Jacques MANGON, Conseiller à la CUB et Conseiller municipal de Saint Médard en Jalles, est  intervenu sur le transfert partiel de la compétence culturelle à la CUB lors du dernier conseil municipal de la commune le 8 février 2012.

« Lors du vote à la CUB, toutes ces délégations de compétences étaient présentées de manière groupée.
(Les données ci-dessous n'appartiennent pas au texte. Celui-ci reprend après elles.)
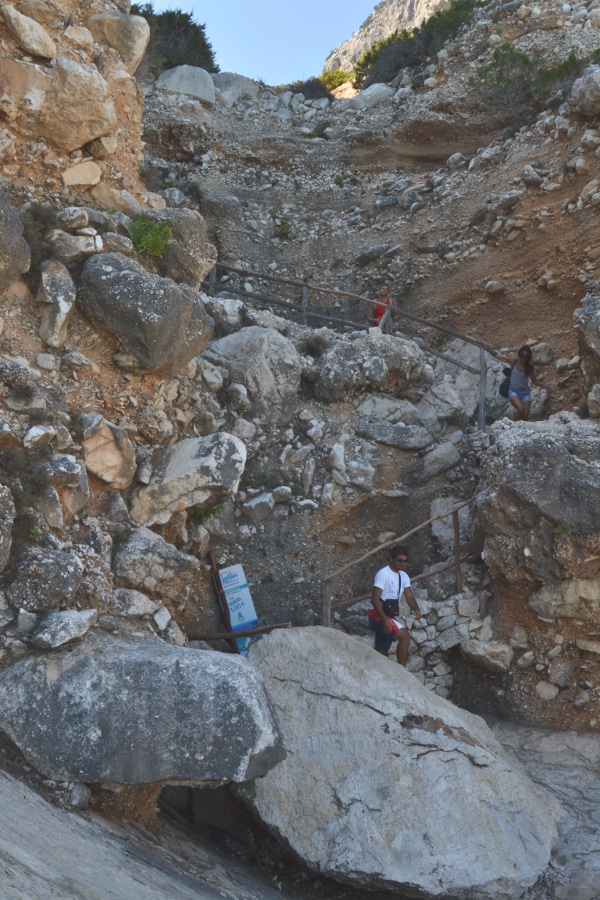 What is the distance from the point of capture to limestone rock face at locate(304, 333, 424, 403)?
8758 millimetres

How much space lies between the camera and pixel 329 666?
246 inches

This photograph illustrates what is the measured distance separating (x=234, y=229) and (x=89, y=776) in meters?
9.29

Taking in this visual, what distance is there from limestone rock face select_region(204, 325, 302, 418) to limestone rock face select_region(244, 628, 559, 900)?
110 inches

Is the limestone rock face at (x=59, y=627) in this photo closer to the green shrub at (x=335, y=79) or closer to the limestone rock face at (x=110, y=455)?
the limestone rock face at (x=110, y=455)

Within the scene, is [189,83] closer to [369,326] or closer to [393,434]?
[369,326]

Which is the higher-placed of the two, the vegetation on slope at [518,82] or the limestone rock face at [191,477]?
the vegetation on slope at [518,82]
C’était assez frustrant car le vote a été global et du coup positif alors que j’avais des appréciations très différentes sur les unes et l’autre.

Nous n’avons en effet pas de problème pour 3 des 4 transferts de compétences qui relèvent d’une logique assez évidente, d’efficacité, de gain de temps ou de niveau adéquat de compétence.Il s’agit des aires de grand passage, des fouilles archéologiques et des réseaux de chaleur.

C’est en revanche beaucoup moins évident pour ce qui concerne la culture qui amène de nombreuses interrogations

Pourquoi ?

Pourquoi transférer ?
La culture est certes un élément essentiel du vivre ensemble, où l’intervention de la puissance publique est essentielle.

Mais aujourd’hui, les initiatives culturelles, les grandes institutions, du fim d’histoire de Pessac au CAPC, en passant par Novart et Evento, sont nombreuses, les centres culturels des différentes villes de la CUB, depuis le Pin Galant jusqu’au Rocher de Palmer, sont actifs et ont des programmations intéressantes.

Bref, la culture est vivante sur tous les territoires de la Cub, pas du tout en jachère, pas du tout en attente d’un « Cultur Angel » ou d’un sauveur territorial.

Dans ces conditions, quels bénéfices  peut on attendre ?

La CUB n’arrive pas à assumer correctement et dans des délais raisonnables ses responsabilités obligatoires, celles qu’elle a déjà, faute de moyens suffisants.

Les exemples abondent et pour nous, saint-médardais, le plus criant est celui des transports où notre commune vit encore dans un triste et intolérable dénuement, sans disposer du tramway et en condamnant par exemple ses étudiants à des trajets de 1h30, voire 2h pour aller à la faculté.

La CUB ne dispose pas de service culturel. Elle devra embaucher, dégager un budget d’intervention  qui, vu l’ampleur des champs d’interventions et des critères retenus, ne pourra pas être que symbolique.

Est-ce que cette intervention mettra de l’ordre, si tant que ce puisse être un but souhaitable, limitera les concurrences stériles entre villes ?
On peut en douter car l’effet d’aubaine amènera chaque ville à vouloir maximiser les aides financières en provenance de la CUB, en mettant en avant l’impact extrêmement fort sur, par exemple le lien social, de toutes ses manifestations.

Comment ?

Si on lit bien le texte de la délibération, il est demandé de transférer sans transférer tout en transférant.

Exercice, vous en conviendrez,  difficile et peu convaincant.

La délibération exclut ainsi très clairement la participation de la CUB au fonctionnement ou à la gouvernance des institutions ou associations culturelles, du type Grand Théatre.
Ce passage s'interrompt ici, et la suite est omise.